12 мая 1949 года Бахтин, живущий по-прежнему в Саранске, получает письмо от заведующей сектором университетов ВАК А. Найденовой. Письмо начинается с вопроса, сможет ли он 21 или 26 мая приехать в Москву на одно из заседаний пленума ВАК, на котором планируется рассмотреть его диссертацию. С некоторой долей административно-казенного благородства Найденова перечисляет те замечания, которые Бахтину «следует продумать заранее и учесть их при подготовке… <…> выступления на Пленуме ВАК»: «Рабле рассматривается Вами оторванно от своей эпохи, от гуманистического движения Франции и всей Европы того времени. При рассмотрении романа “Гаргантюа и Пантагрюэль” совершенно игнорируется его замысел, его идейная сторона, что придает работе формалистический характер. Вы сосредоточиваетесь почти исключительно на так называемом фольклорном реализме Рабле, на шутовских образах и сценах, причем обнаруживаете пристрастие к рассмотрению образов, имеющих грубо физиологический характер. Естественно, что при таком рассмотрении недопустимо обедняется реалистический стиль Рабле. В работе связывается интересующая Вас сторона реализма Рабле с образами народных уличных увеселений средних веков, но совершенно не освещен вопрос о том, чем же отличается реализм Рабле от реализма этих народных увеселений. В результате Рабле оказывается “опрокинутым в средневековье” (здесь Найденова цитирует выступление Пиксанова. — А. К.). Очевидна порочность такого взгляда на Рабле, одного из крупнейших деятелей Возрождения. В диссертации поставлен целый ряд частных вопросов, при разрешении которых, применяя формалистический метод, достигаются порочные выводы. Так, например, устанавливается связь между творчеством Гоголя и творчеством Рабле, причем у Гоголя выделяются лишь образы и сцены шуточного характера, которые компаративистски сопоставляются (сказать «компаративистски сопоставляются» — то же самое, что произнести «сравнительно сравниваются». — А. К.) с аналогичными явлениями романа “Гаргантюа и Пантагрюэль” Рабле. Таким образом, совершенно игнорируется глубокое идейное содержание произведений великого русского реалиста и национальное значение Гоголя. Указанные недостатки делают работу методологически порочной».
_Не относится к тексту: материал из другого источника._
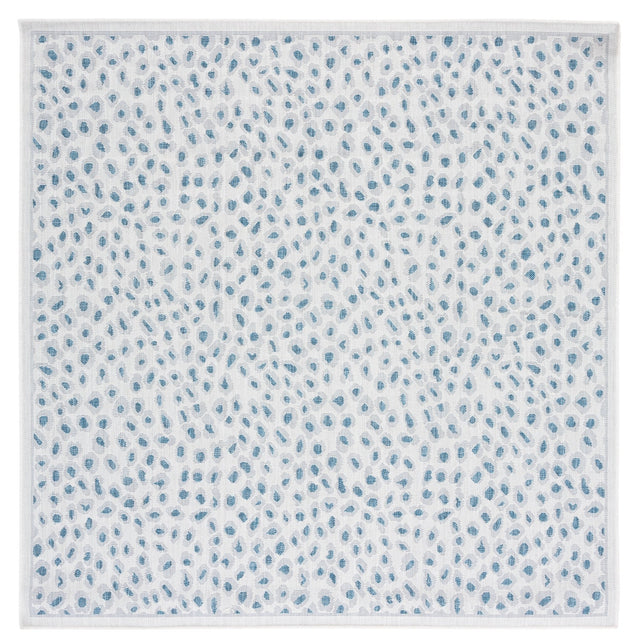 Safavieh Courtyard Cy8104 Ivory/Blue Rug - Safavieh - cy8104 - 53412 - 7sq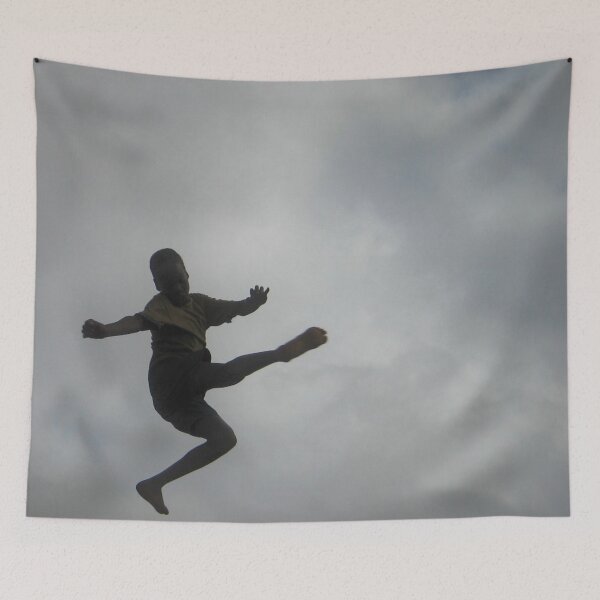 Item preview, Boy in Africa jumping designed and sold by ralphsamo.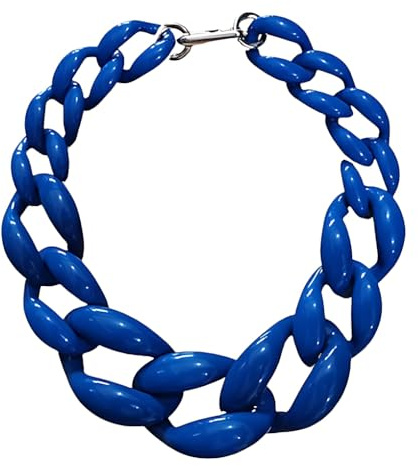 CLSSLVVBN Vintage Style Women S Jewelry Necklace Handmade Cuban Chain Collar Statement Piece Women Boho Chunky Acrylic Link Chain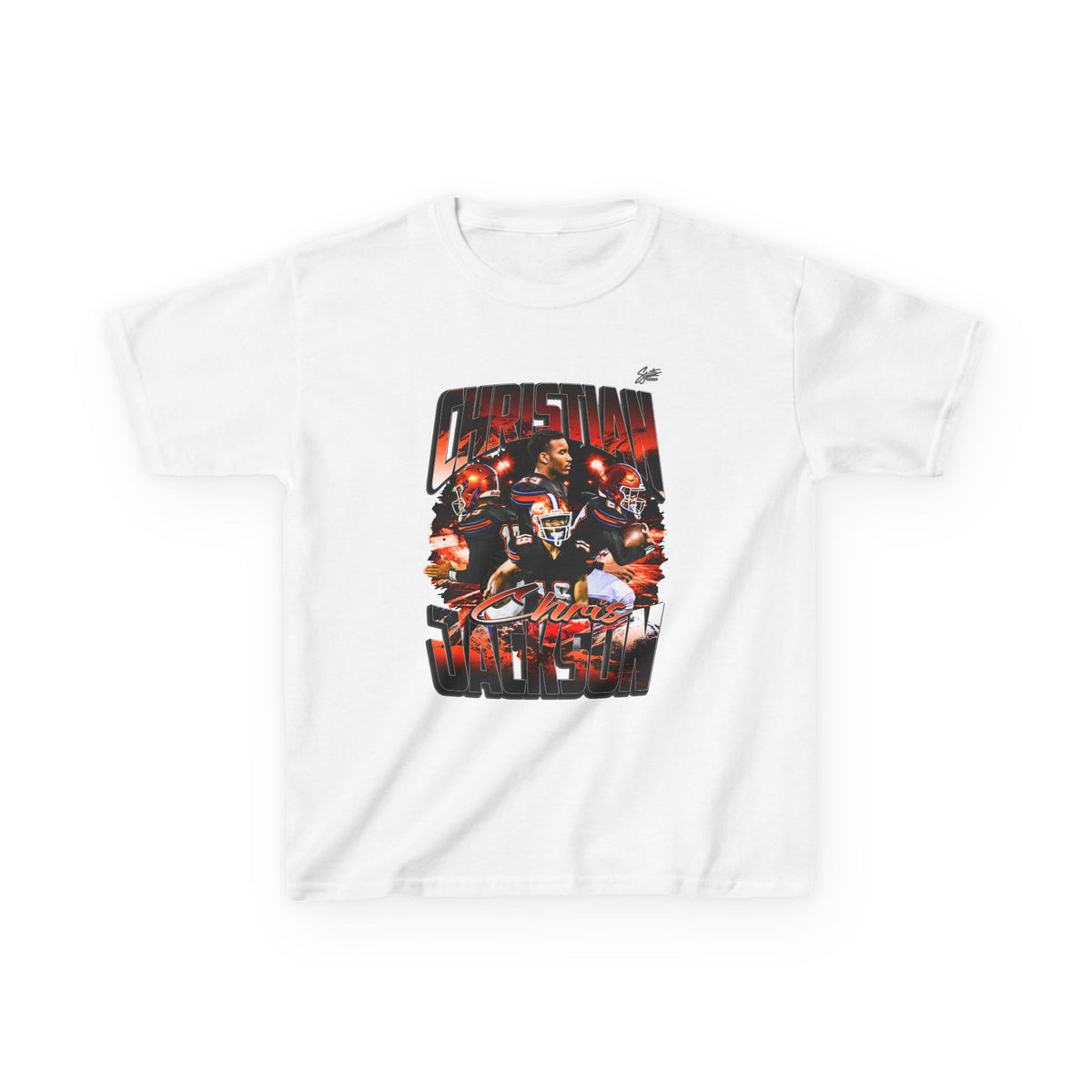 Christian Jackson Youth Heavy Cotton Tee
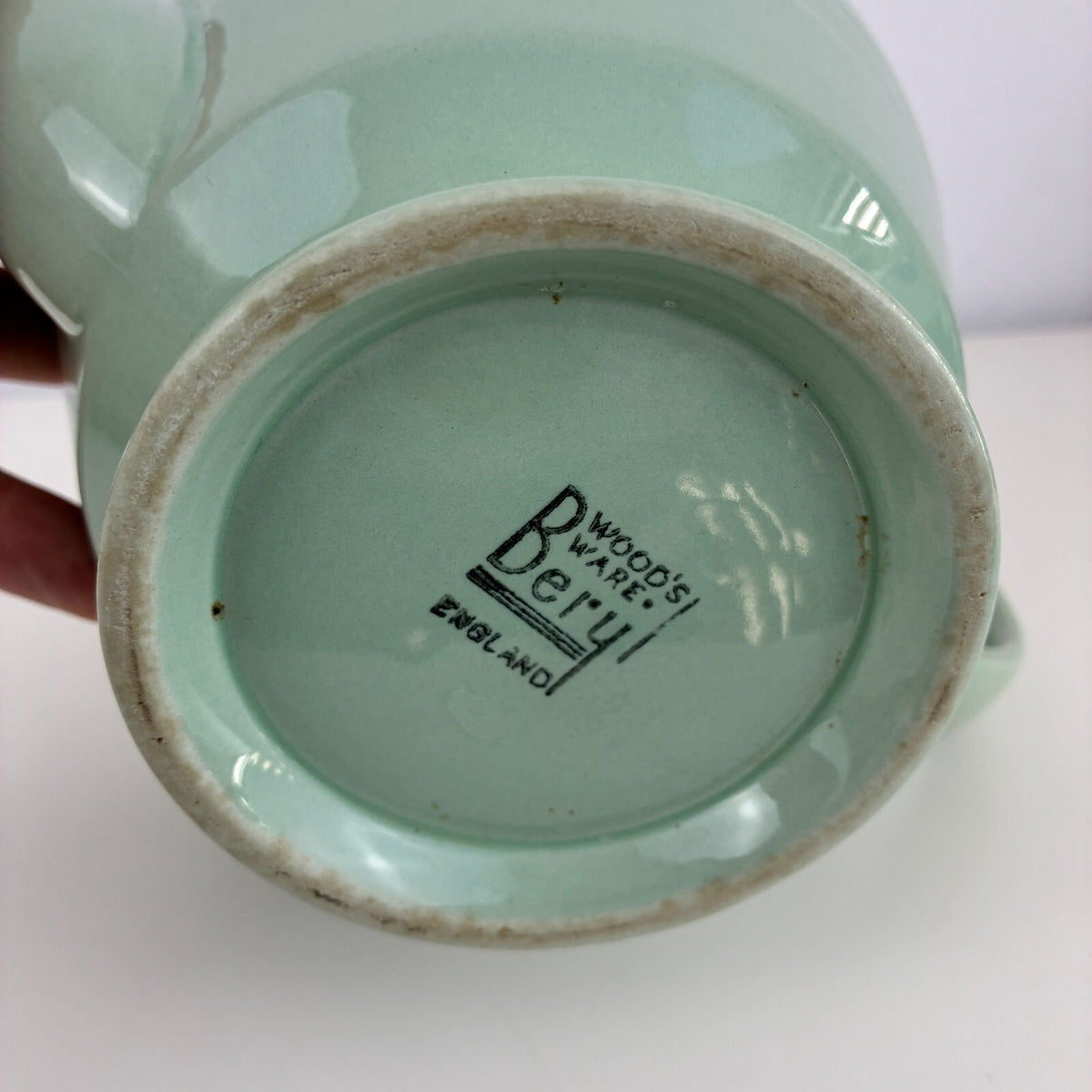 Woods Ware Beryl Green Teapot 2 Pints Mid Century Vintage
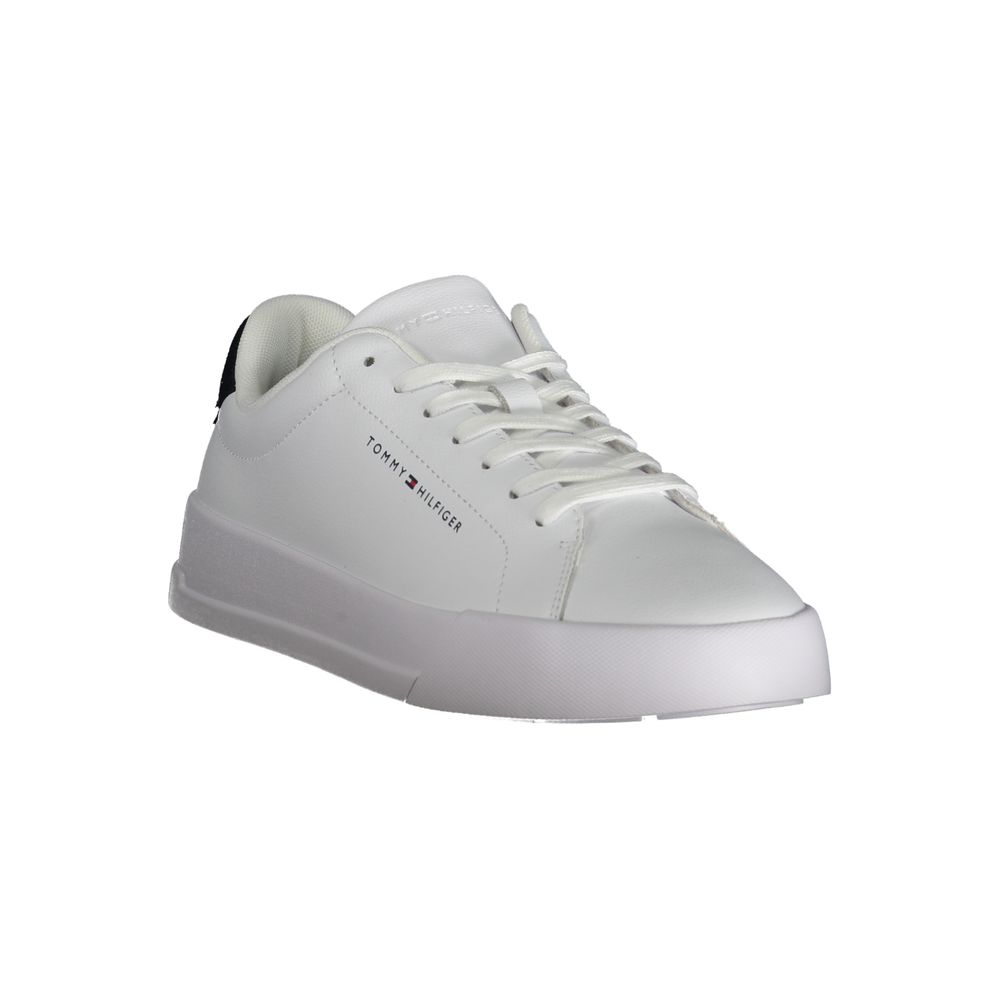 Tommy Hilfiger Weißes Polyethylen Herren Sneaker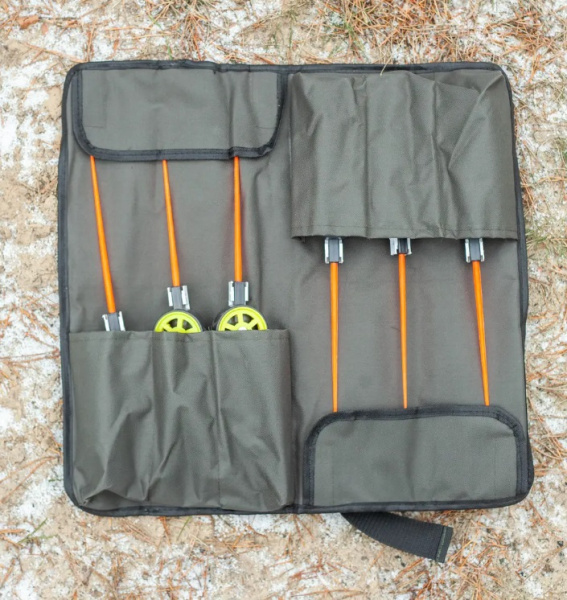 Чохол для 6-ти зимових вудок Fisher (K-075)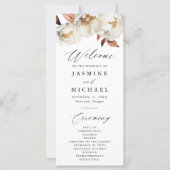 秋の素朴フローラ結婚式 プログラム (正面)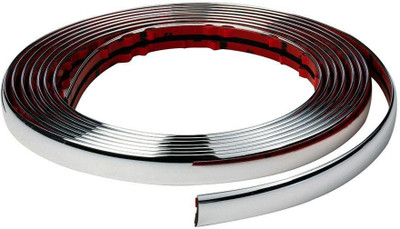 

CarSz Tata Safari Storme 10 Metre Chrome Car Beading Roll For Window(10 m 1 mm)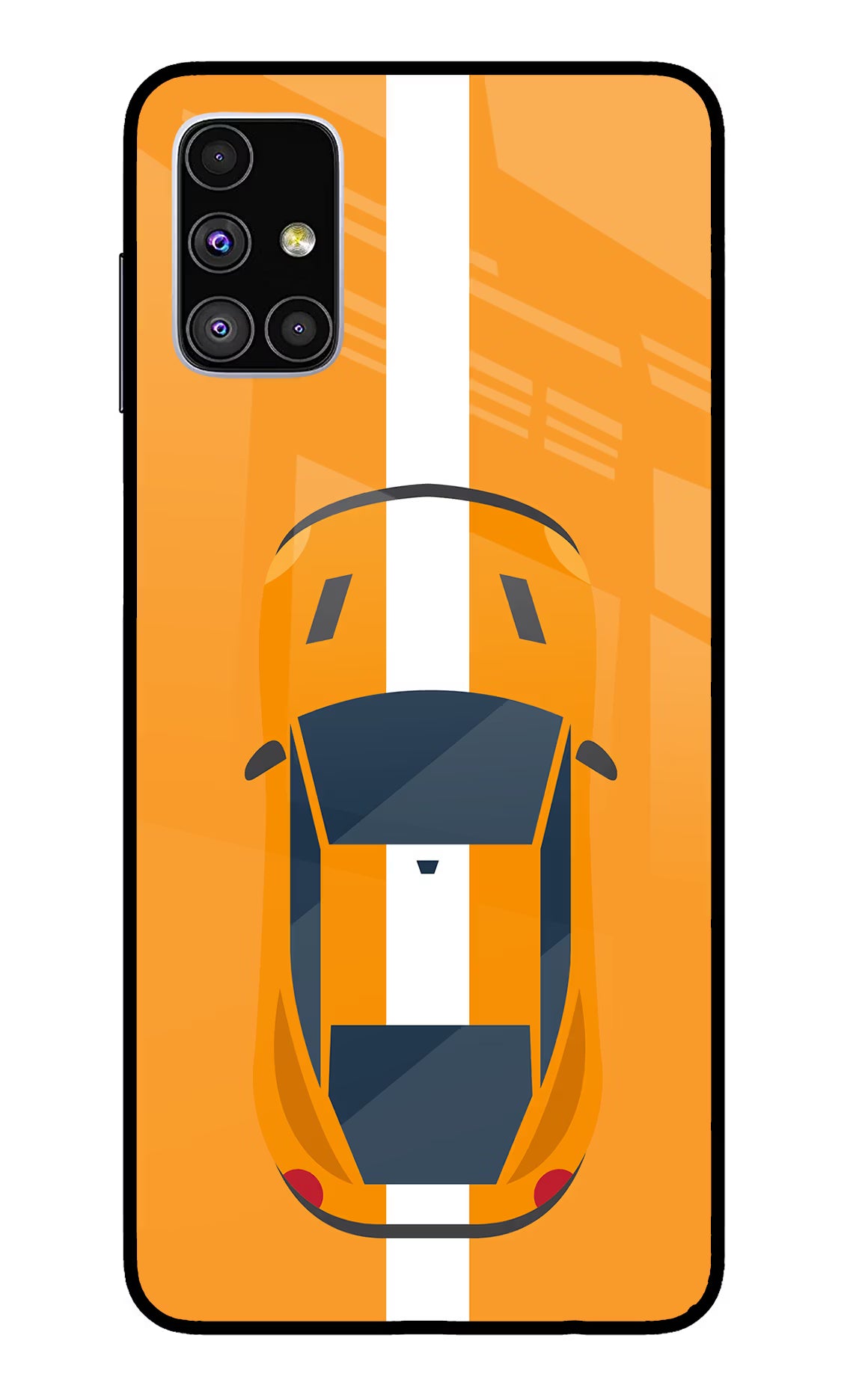 Highway Pursuit Samsung M51 Glass Case Back Cover by Casekaro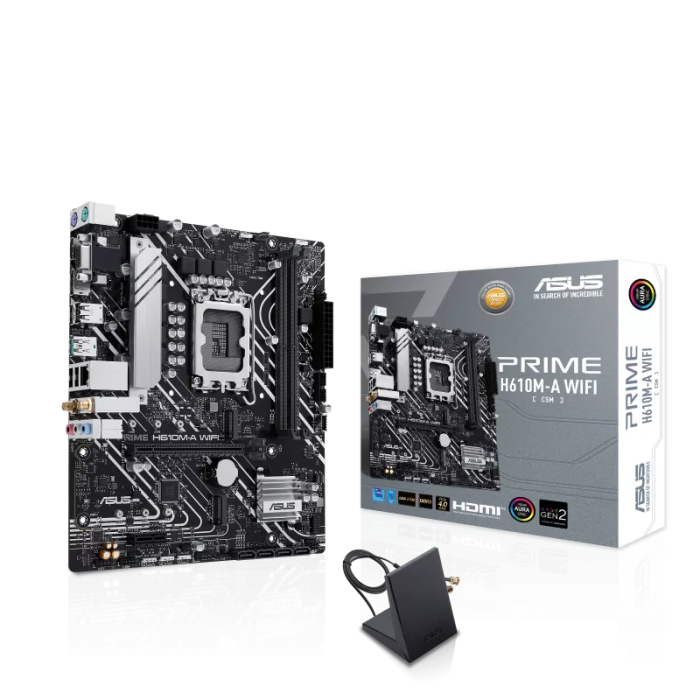 ASUS PRIME H610M-A WIFI DDR5 5600MHz M.2 HDMI mATX 1700p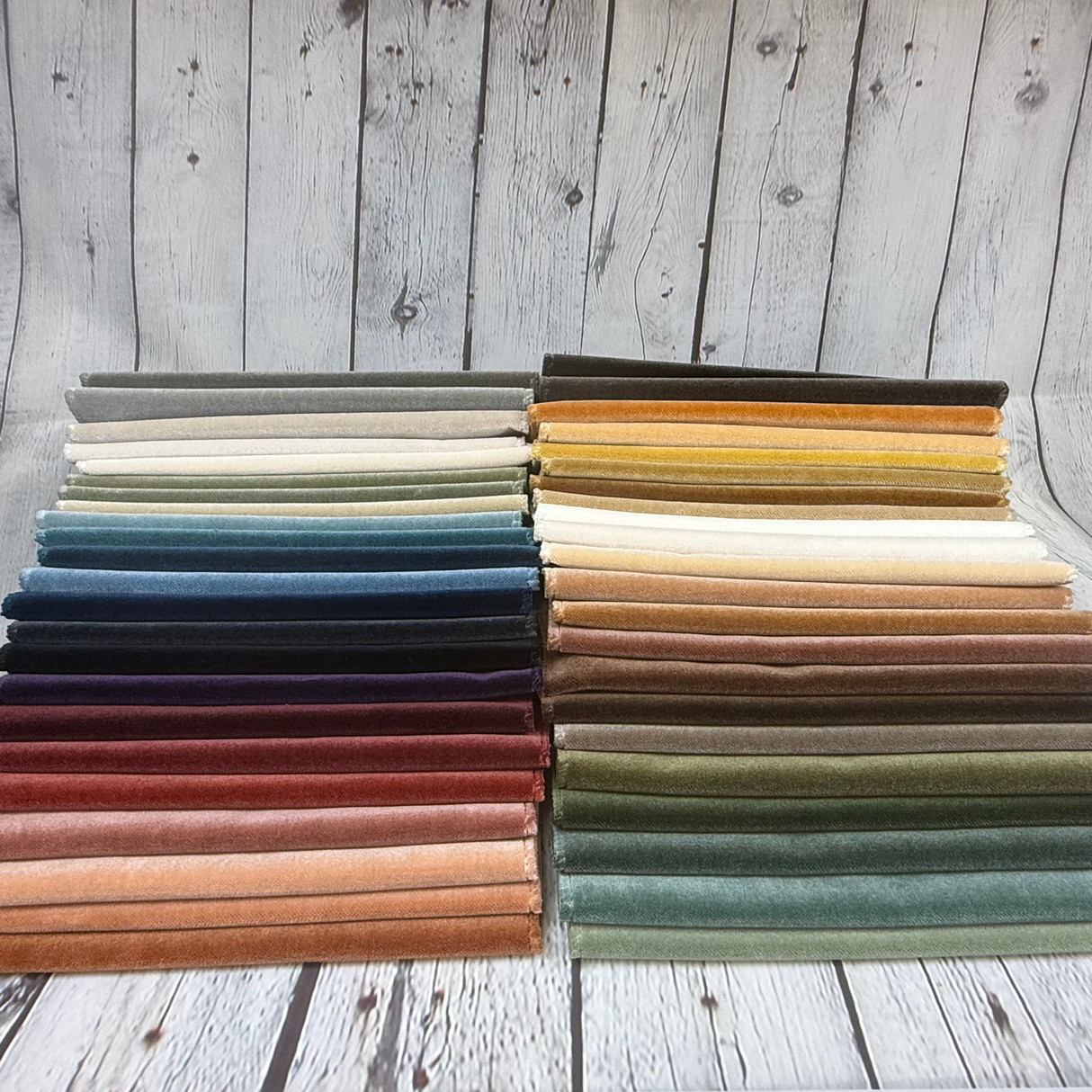 Velvet Upholstery Fabric by the Yard - Deveraux Plain Soft Woven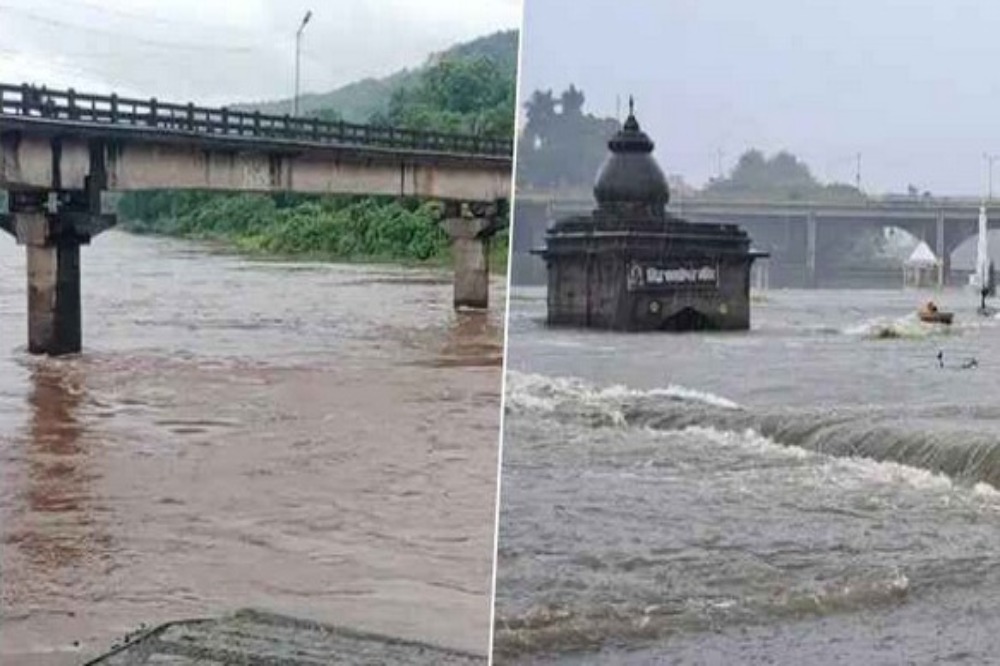 महाराष्ट्रात पावसाचा जोरदार मारा; रायगडमध्ये शाळांना सुट्टी, नद्यांना पूराचा धोका 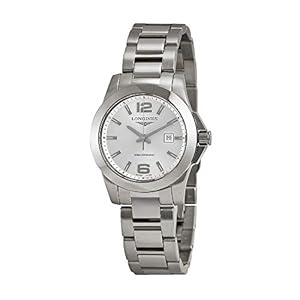 Longines Conquest Stainless Steel Ladies Watch L32774766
Бахтин не стал оттягивать свое посещение ваковского аутодафе и прибыл в Москву уже 12 мая. Через девять дней он терпеливо дожидался своей очереди перед дверями того кабинета, где проходил пленум ВАК. Когда его туда, наконец, вызвали, началась очередная глава старой докучной сказки про белого бычка, сиречь про космополитизм и «веселовщину». Топчиев, который вел заседание, предложил Бахтину ответить на критические замечания по диссертации. Бахтин, взяв слово, не обнаружил ни признаков сильного волнения, ни желания поступиться даже самым малым ради «задабривания» членов ВАК. Его речь была речью человека, который не оправдывался, а, скорее, открыто удивлялся идиотизму придирок своих оппонентов — очных и заочных.

Он сразу объявил собравшимся, что «довольно трудная задача — ответить на критические замечания по… <…> диссертации в 700 страниц», работа над которой длилась около десяти лет. Но и насущной необходимости в этих ответах он тоже не видит: «Те критические замечания, которые мне были вручены, по-моему, не имеют никакого отношения к моей работе».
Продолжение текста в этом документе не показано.